[Gluster-users] afr-self-heald.c:479:afr_shd_index_sweep

Thu Jun 29 07:38:03 UTC 2017

Hi all,

for the upgrade I followed this procedure:

  * put node in maintenance mode (ensure no client are active)
  * yum versionlock delete glusterfs*
  * service glusterd stop
  * yum update
  * systemctl daemon-reload
  * service glusterd start
  * yum versionlock add glusterfs*
  * gluster volume heal vm-images-repo full
  * gluster volume heal vm-images-repo info

on each server every time I ran 'gluster --version' to confirm the
upgrade, at the end I ran 'gluster volume set all cluster.op-version 30800'.

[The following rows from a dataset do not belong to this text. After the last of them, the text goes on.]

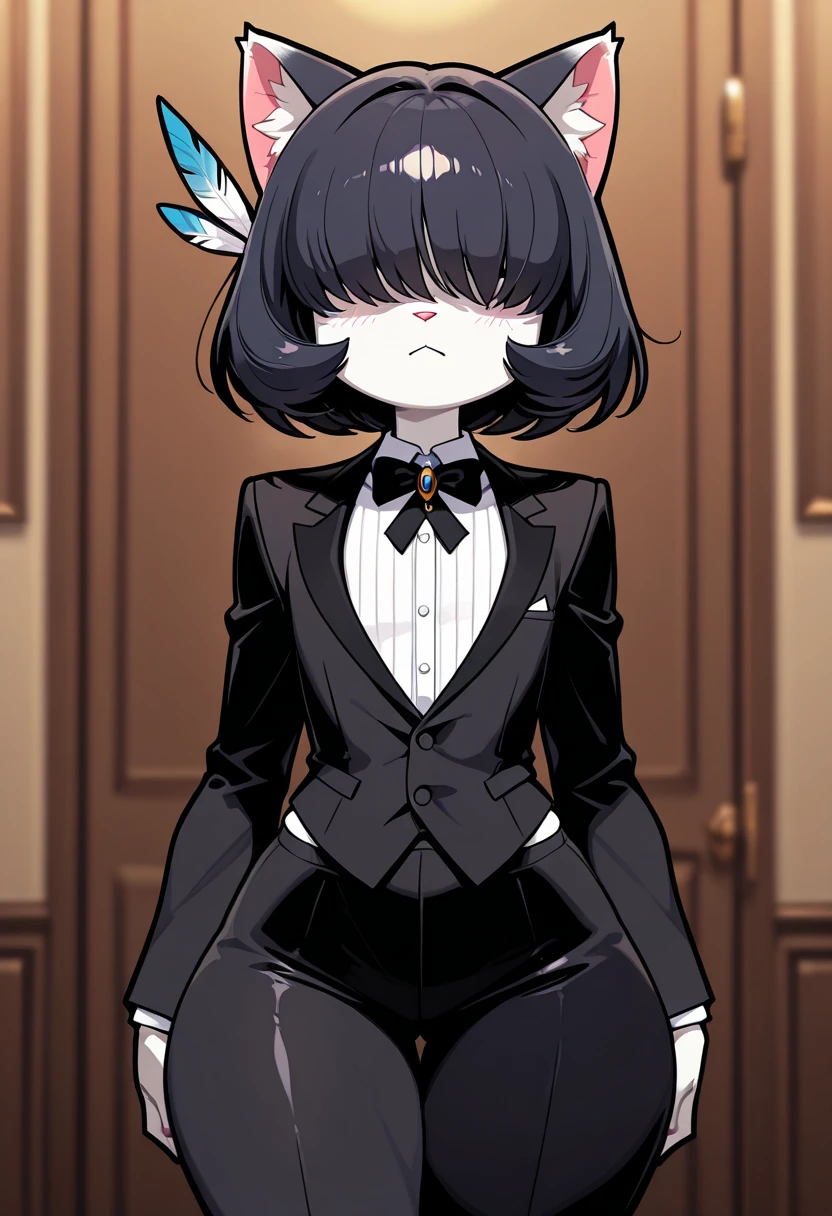 Suited man with no pants and no censorship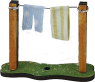 Old clothesline with clothes, light brown, H 8.5 cm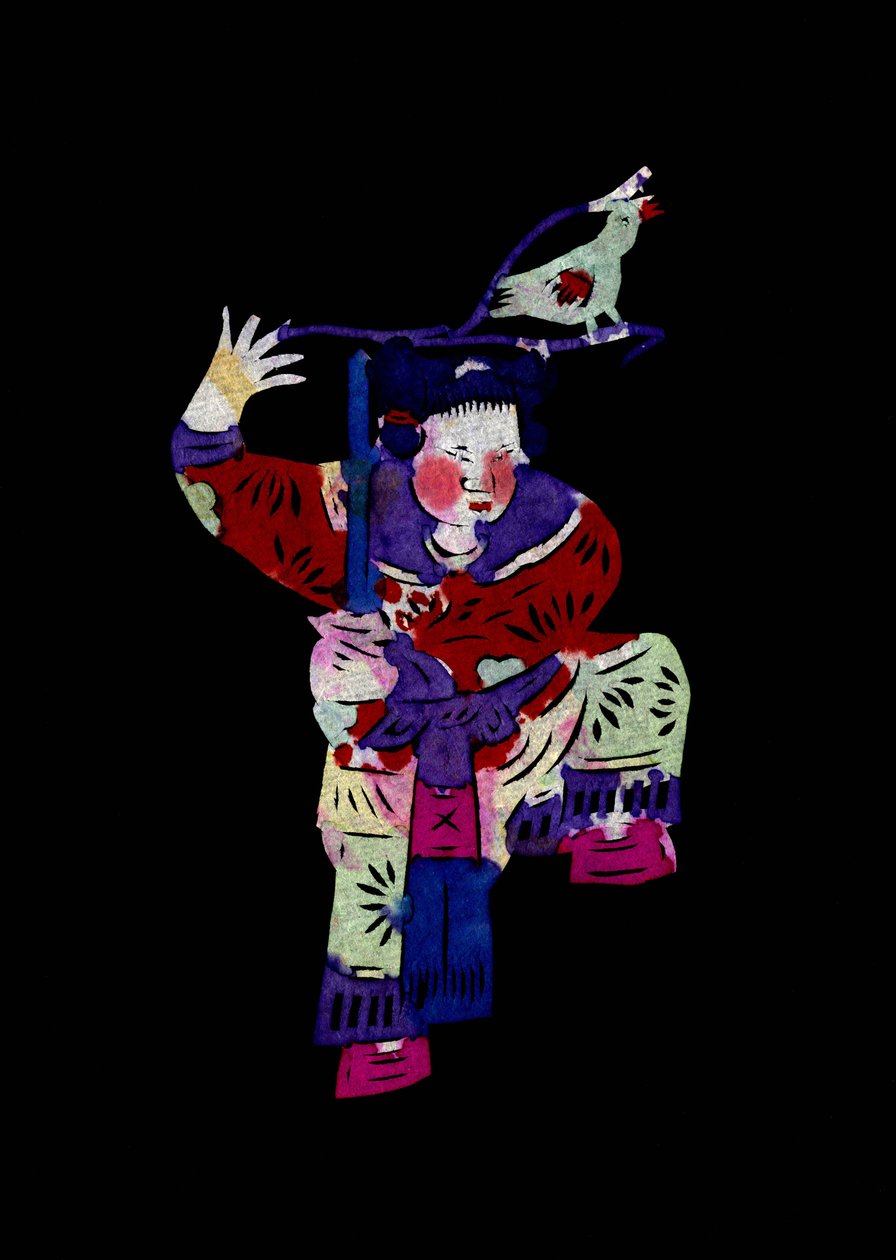 Personaggio femminile che impugna una spada con uccello. Taglio di carta dipinta o "Jian Zhi", arte popolare cinese, Pekin. da School Chinese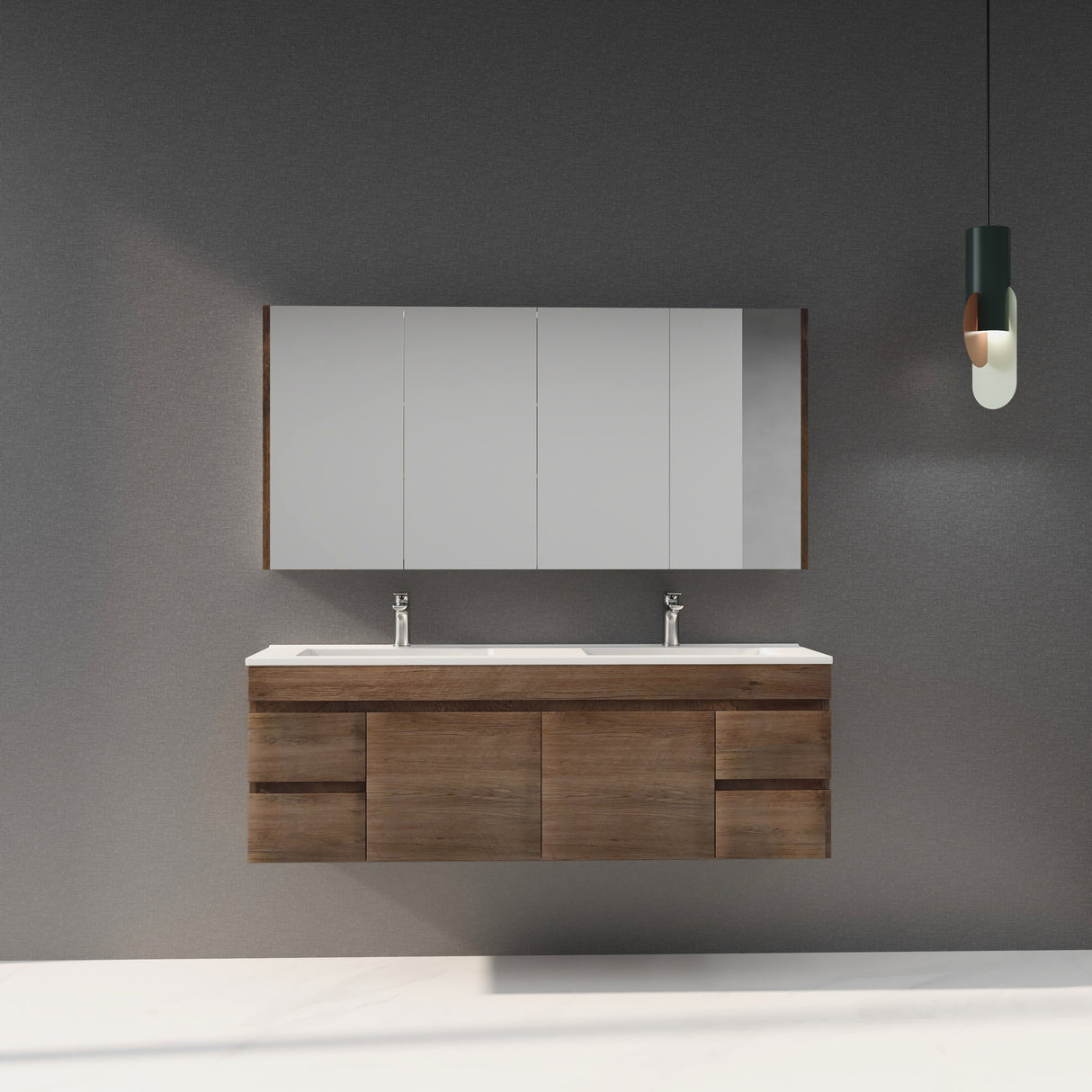 Berge Wall-Hung Wood Grain MDF Vanity B154W-DO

Today I've tried to manually kill a brick process on a non critical
volume, after that into the log I see:

[2017-06-29 07:03:50.074388] I [MSGID: 100030] [glusterfsd.c:2454:main]
0-/usr/sbin/glusterfsd: Started running /usr/sbin/glusterfsd version
3.8.12 (args: /usr/sbin/glusterfsd -s virtnode-0-1-gluster --volfile-id
iso-images-repo.virtnode-0-1-gluster.data-glusterfs-brick1b-iso-images-repo
-p
/var/lib/glusterd/vols/iso-images-repo/run/virtnode-0-1-gluster-data-glusterfs-brick1b-iso-images-repo.pid
-S /var/run/gluster/c779852c21e2a91eaabbdda3b9127262.socket --brick-name
/data/glusterfs/brick1b/iso-images-repo -l
/var/log/glusterfs/bricks/data-glusterfs-brick1b-iso-images-repo.log
--xlator-option
*-posix.glusterd-uuid=e93ebee7-5d95-4100-a9df-4a3e60134b73 --brick-port
49163 --xlator-option iso-images-repo-server.listen-port=49163)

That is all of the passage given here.